Gaulloses Wiehern und huffreies Galoppieren. Gibt es tatsächlich! Beweise habe ich mittlerweile.
So kommt es heute zur Pferdestory ohne Pferd.
Sie werden stattdessen Ersatzhengst und Stutendouble kennenlernen.

Wissen Sie, was ich unpraktisch finde?
Dass der Mensch manchmal zu perplex ist, um schlagfertig zu reagieren. Allerdings – vielleicht ist man auch nur zu abgeklärt, zu vorsichtig, ein Schisser … was auch immer, um sich auf einen (sinnlosen) verbalen Schlagabtausch einzulassen. Einen, der dann womöglich nicht einmal verbal bleibt sondern ausartet und womöglich handgreiflich wird!

Pferdestory ohne Pferd ... Ausspanntee!Ich setzte mich vorgestern unterwegs an einen Tisch, um meinen Ausspanntee (im Sinne von „Getränk um sich zu erholen“, kein sonderbarer Wundertrank um „jemandem jemanden auszuspannen“) zu genießen und bemerkte leider zu spät, dass zwei Tische weiter ein lautes, anstrengendes Frauentrio hockte. Ich sage Frauen, weil der Begriff Damen irreführend wäre.
Als ich eintraf, waren alle mit dem Handy beschäftigt und zufällig leise, doch kaum hatte ich bestellt, ging ein wahnsinniges Palaver los. Mein Rasenmäher ist leiser. Und klingt zudem intelligenter.
Ein Wesen hatte ein besonders durchdringendes, dominantes Organ, dabei gleichzeitig eine dermaßen nöhlige, unzufriedene Stimme, dass es einer Vergewaltigung der Ohren gleichkam und sich meine Nackenhaare unverzüglich aufrichteten.
Die Bestellung konnte ich nicht mehr rückgängig machen, doch ein Blick Richtung besagtem Tisch und das Entdecken fast leerer Tassen und Gläser, ließ mich hoffen, dass der Lärmtrupp bald – und zwar vor mir! – ging.
Mein stiller Wunsch erfüllte sich; einige Minuten darauf rüstete man sich zum Aufbruch. Beim Aufstehen wurde erneut das Handy gezuckt. Ein Smartphone hat für viele Erwachsene häufig eine ganz ähnliche Wirkung wie die Gabe eines Schnullers bei manchem Baby. Es kehrte himmlische Ruhe ein.
Machen Sie dann nicht den Fehler, den ich gemacht habe!
Ich habe definitiv zu früh entspannt, innerlich abgeschaltet, geträumt.
Sie mussten an meinem Tisch vorbei, um zum Ausgang zu gelangen.
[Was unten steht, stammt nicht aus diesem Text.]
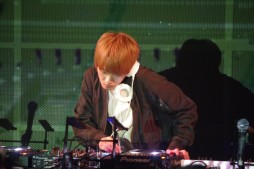 ꡼ No.004 | crossbeats REV. SHARING DJ PARTY -2017 SPRING-ץեȥݡȡ8̾Υƥȿؤ4ְʾˤ錄Ǯ饤֤򷫤깭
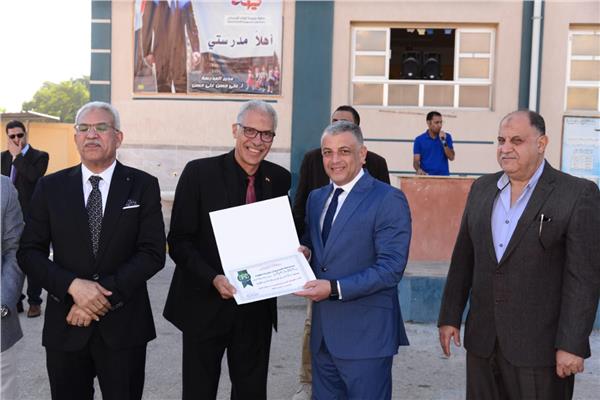 اللواء طيار أكرم محمد جلال محافظ الإسماعيلية يكرم مدير المدرسة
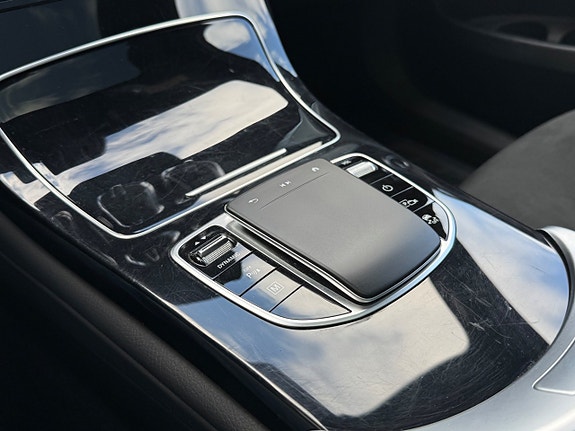 Mercedes-Benz GLC300 de 6 of 23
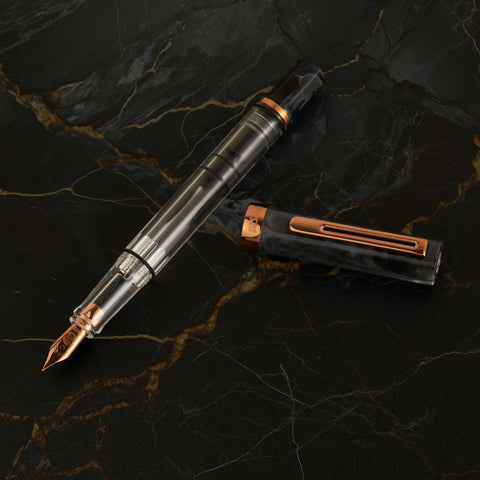 Pluma TWSBI ECO Black Marble Bronze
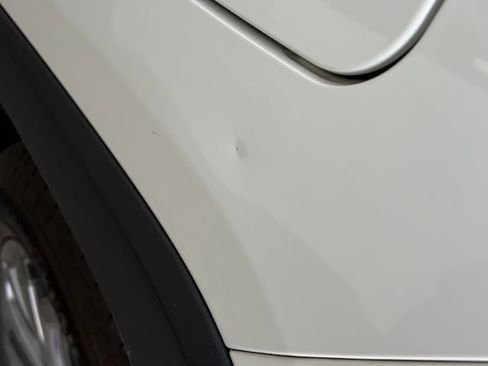 Used 2022 Toyota RAV4 XLE Premium image 17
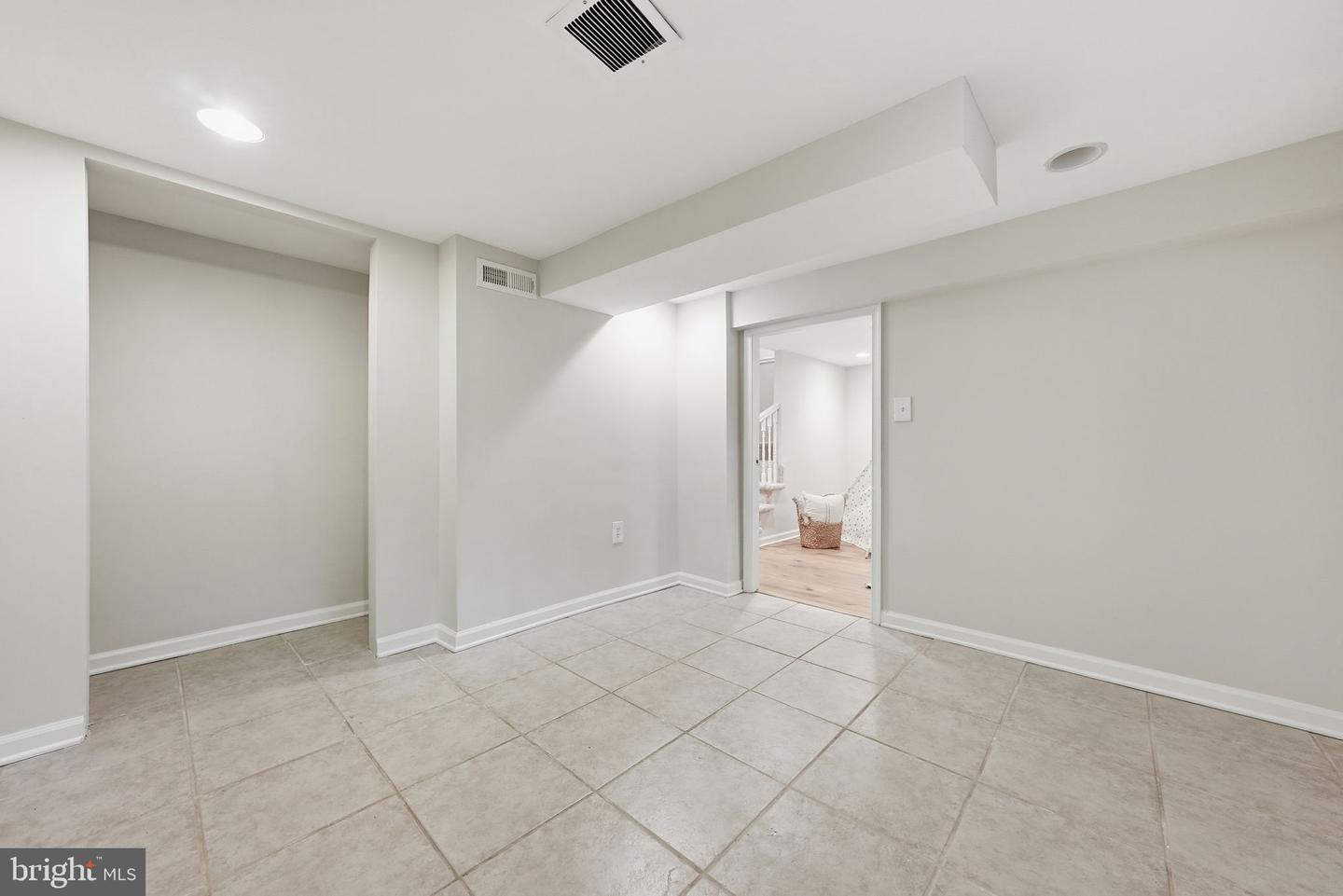 7209 TYLER AVE, FALLS CHURCH, Virginia 22042, 4 Bedrooms Bedrooms, ,2 BathroomsBathrooms,Residential,For sale,7209 TYLER AVE,VAFX2284100 MLS # VAFX2284100 7209 TYLER AVE, FALLS CHURCH, Virginia 22042, 4 Bedrooms Bedrooms, ,2 BathroomsBathrooms,Residential,For sale,7209 TYLER AVE,VAFX2284100 MLS # VAFX2284100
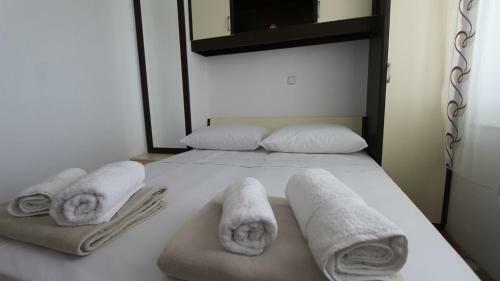 Hostal Apartments Jela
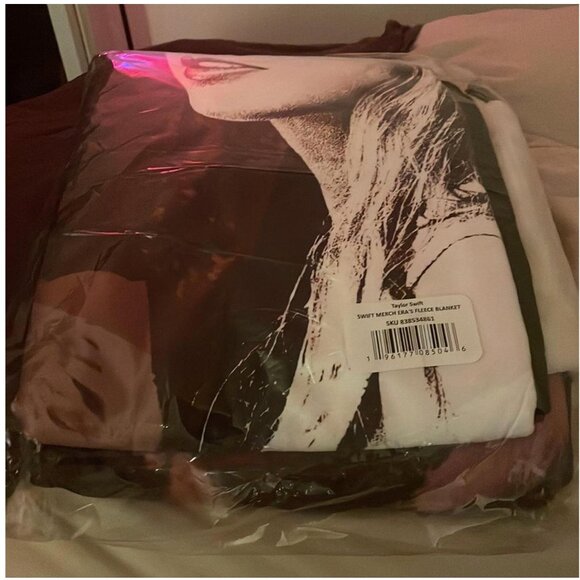 Taylor Swift The Eras Tour Blanket | Authentic | Sold Out | NWT, Ready to SHIP - Picture 3 of 5
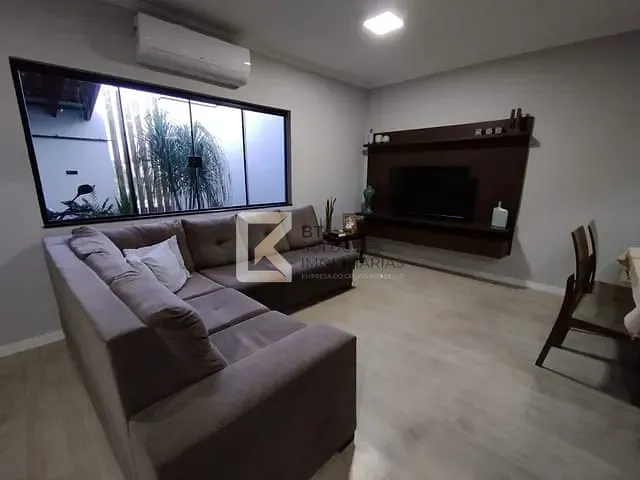 Casa com 250m² 3 quartos e 2 banheiros, à venda, no bairro Jardim Europa II em Indaiatuba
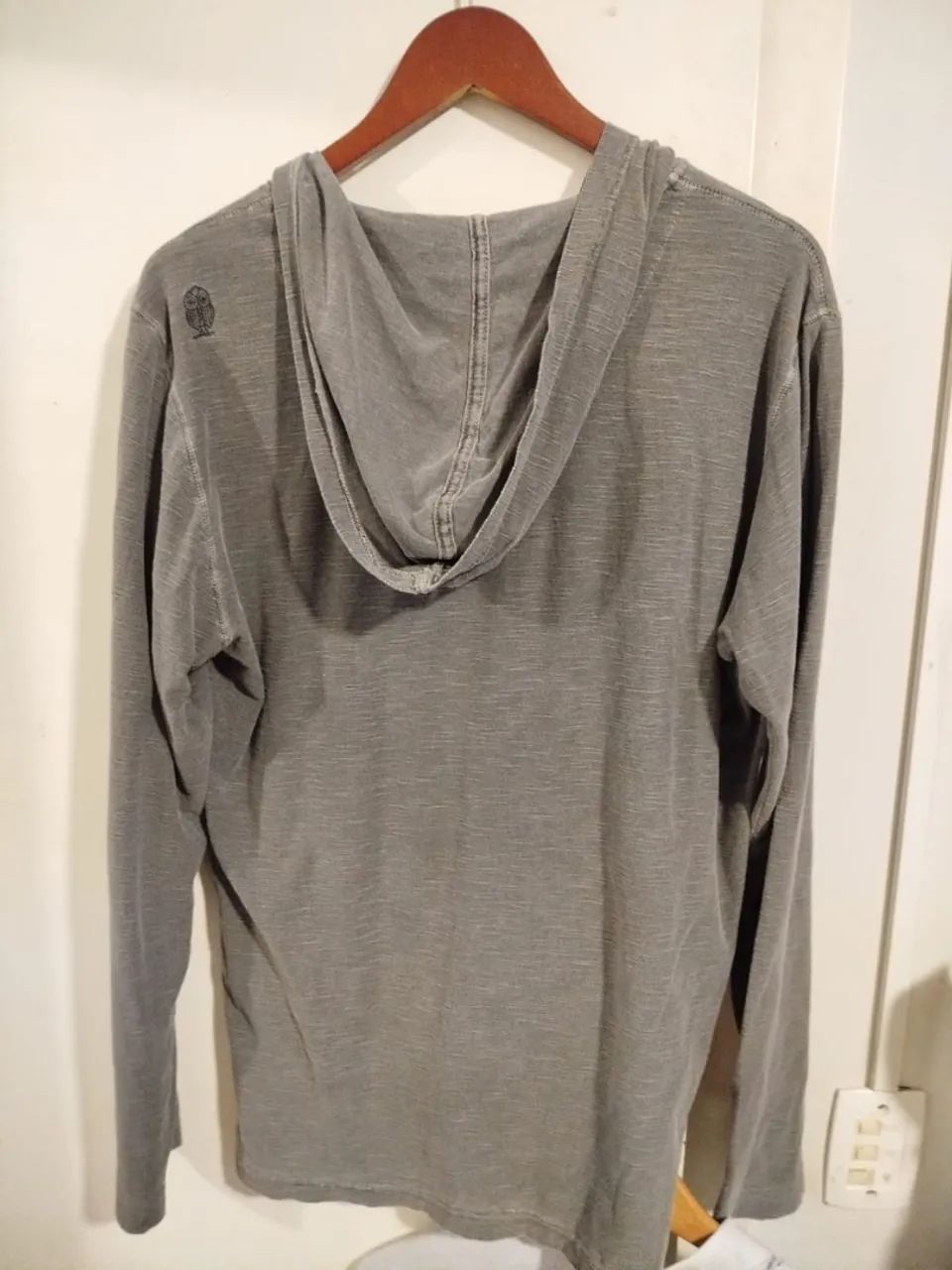 Blusa com Capuz Cinza - Foto 4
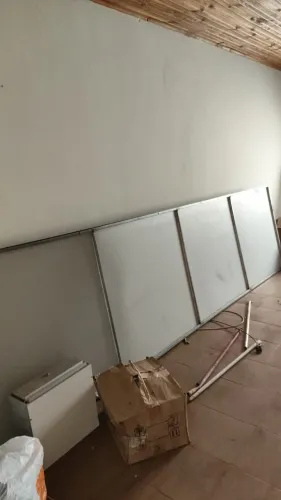 PLACA EM ACM COM ESTRUTURA METÁLICA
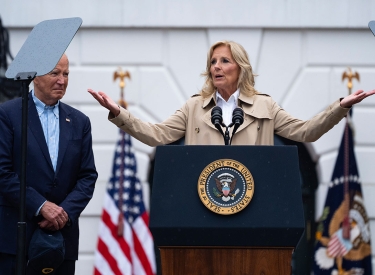 Präsidentin Jill Biden? Ehemann Joe hört zumindest brav zu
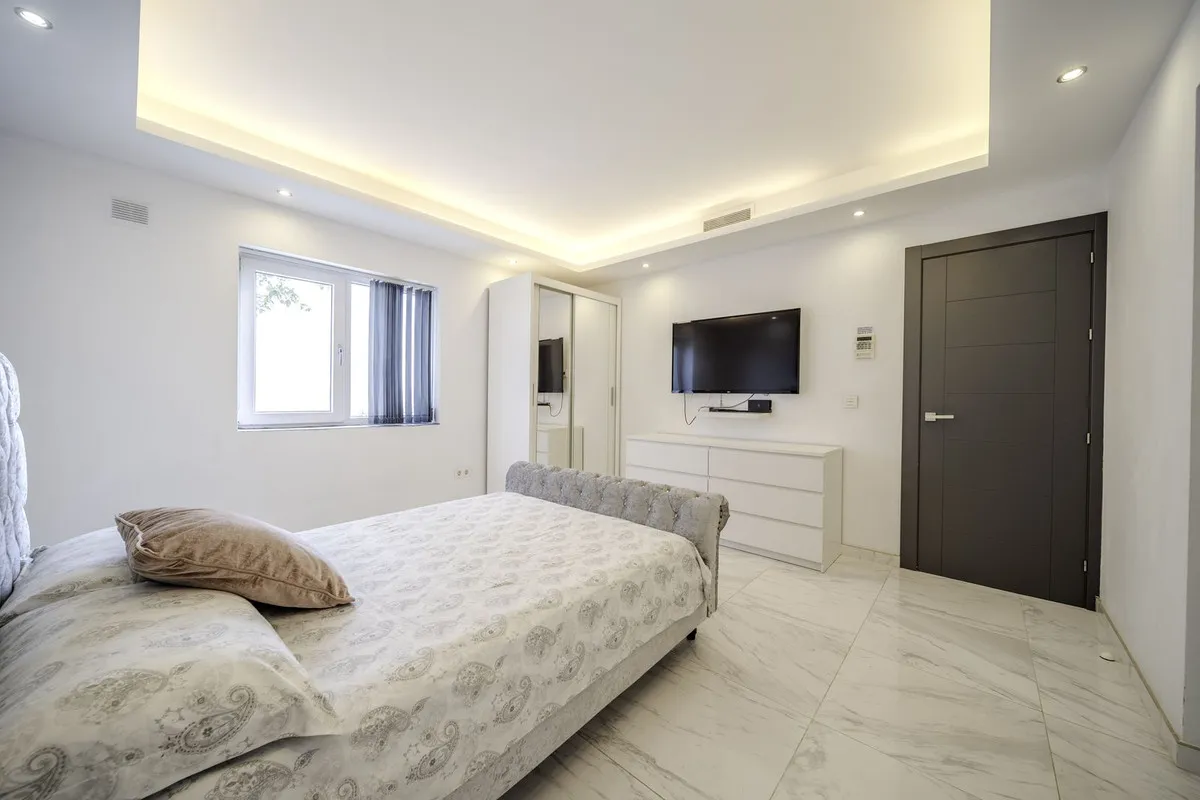 dec8fee9-d2c4-4c55-9353-bfb7e5042b25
Irgendetwas auf dem Display der Dezibel liebenden großen Brünetten muss der Auslöser für einen – wie ich vermute – Heiterkeitsanfall gewesen sein. Oder für Entrüstung. Es war nicht eindeutig zu identifizieren.  Als sie an mir vorbeikam, explodierte sie.
Es ruderten ihre Gliedmaßen. Ihre Hand erschien plötzlich neben meinem Gesicht. Ihr Knie rumste an die Tischkante.
Aber vor allem war da der Lärm!
Ein Krach sondergleichen! Der Lautstärkeregler stand bis zum Anschlag! Ich spreche von ihrem, nicht von dem des Handys.
Kennen Sie diese Filme, in denen nächtens irgendwo auf einer Ranch ein böser, rachsüchtiger Pyromane Feuer im Stall legt und die Pferde unruhig werden? Wenn sie scharren, sich gegen die Wände ihrer Boxen schmeißen, sich aufbäumen und laut und schrill „Geräusche“ von sich geben?
Vielleicht hatte sie auf ihrem Handy Feueralarm vorgefunden. Ich hatte jedenfalls aus heiterem Himmel ein wildes, unkontrolliert wieherndes und schnaubendes Pferd am Tisch und mich darüber dermaßen erschrocken, dass mir der Teelöffel aus der Hand fiel.
Das eben noch wiehernde Wesen stutzte kurz, schaute mich leicht genervt an und äußerte sich folgendermaßen:
„Mein Gott, nun seien Sie doch nicht so schreckhaft!“
Ja, gell? Sie sind auch geringfügig überrascht? Hatten Sie angenommen, es wäre ihr vielleicht unangenehm?
Nicht doch! Die Umwelt ist das Weichei!
Ja, ich war perplex. Und nein, ich würde auch jetzt noch nichts erwidern. Es ist mir einfach zu blöd. Doch echte Pferde sind mir schon wesentlich lieber als dieses Stutendouble.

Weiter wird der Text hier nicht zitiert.